Chrześcijanie apelują o powstrzymanie tureckiej agresji
Pomimo sprzeciwu wspólnoty międzynarodowej Turcja nie zamierza się wycofać z inwazji na Syrię. Wzmaga się tymczasem fala uchodźców uciekających przed tureckim najazdem. Jest ich już 275 tys.
Nagłego napływu ludności cywilnej z Syrii spodziewa się chaldejski arcybiskup Irbilu. Apeluje więc zarówno do irackiego rządu, jak i do organizacji humanitarnych o podjęcie niezbędnych przygotowań na przyjęcie niewinnych ofiar tureckiej agresji. Przyznaje on, że zdecydowaną większość uchodźców będą stanowili Kurdowie, przeciwko którym toczy się wojna. Przybędą też jednak na pewno mniejszości wyznaniowe, w tym chrześcijanie – podkreśla abp Beshar Warda.
Tymczasem o powstrzymanie tureckiej inwazji apelują chrześcijanie na całym świecie. Rada Kościołów Chrześcijańskich w USA domaga się interwencji Donalda Trumpa i wspólnoty międzynarodowej. Wszystkich chrześcijan prosi o modlitwę i konkretne gesty, które wyrażałyby sprzeciw wobec tureckiej agresji.

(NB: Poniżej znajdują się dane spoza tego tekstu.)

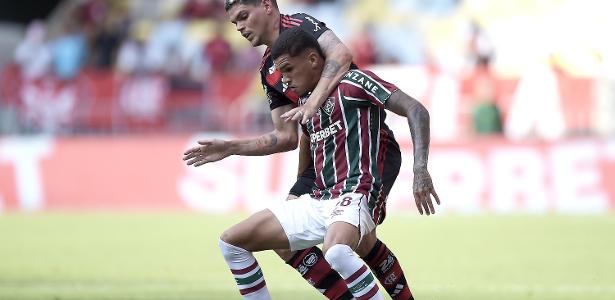 Fluminense afasta Riquelme de confronto contra o Palmeiras após polêmica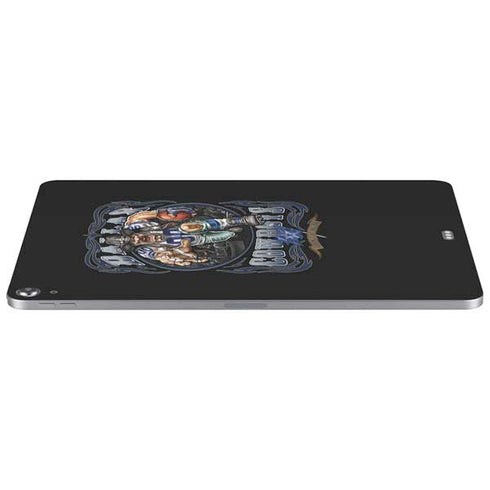 Liquid Blue NFL Dallas Cowboys Running Back Apple iPad Air Skin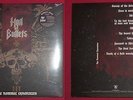 Hail of Bullets - III The Rommel Chronicles LP, rarest vinyl edition, Asphyx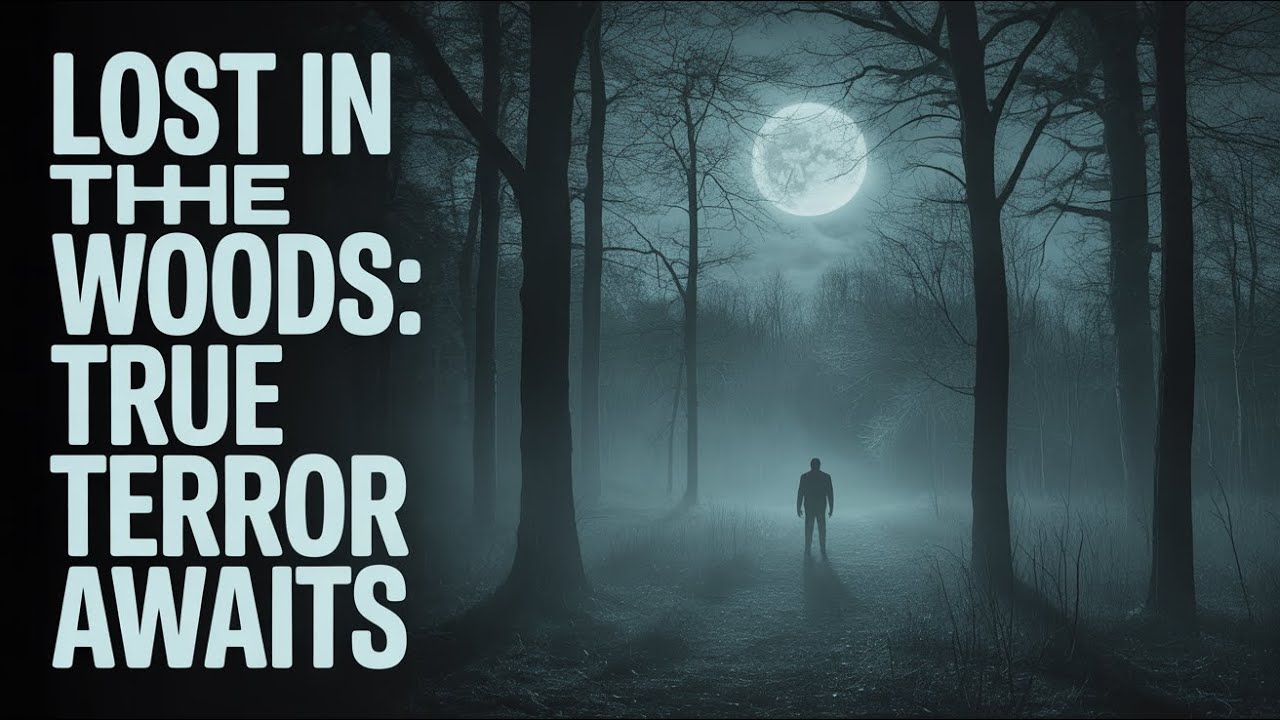 3 Terrifying True Horror Stories from the Deep Woods That Will Haunt You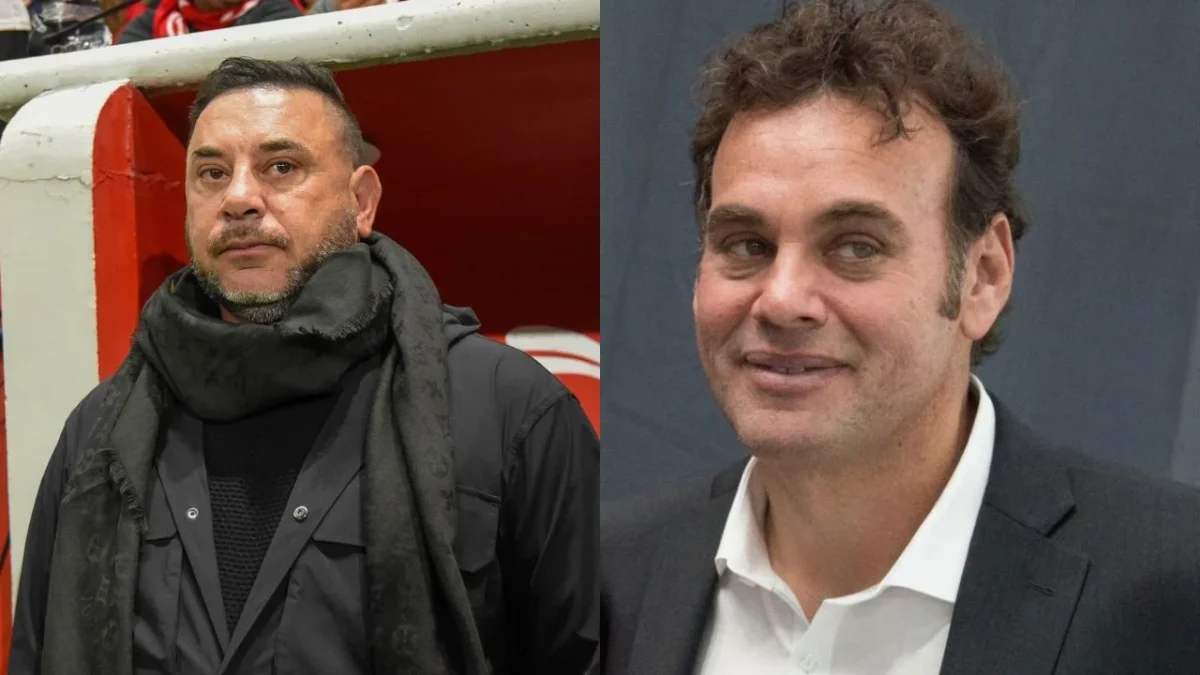 Antonio ‘El Turco’ Mohamed llama ‘mierda’ a Faitelson en transmisión en vivo de TUDN, ‘es un majadero’, respondió David.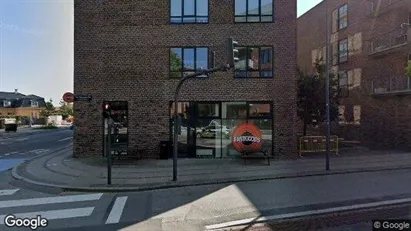 Erhvervslokaler til leje i Valby - Foto fra Google Street View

W podobnym duchu na działania reżimu Erdogana reaguje również Światowa Rada Kościołów. Specjalną deklarację w tej sprawie wystosował jej sekretarz generalny, pastor Olav Fykse Tveit. Przypomina on, że turecka operacja spowoduje nowe cierpienia tysięcy niewinnych ludzi.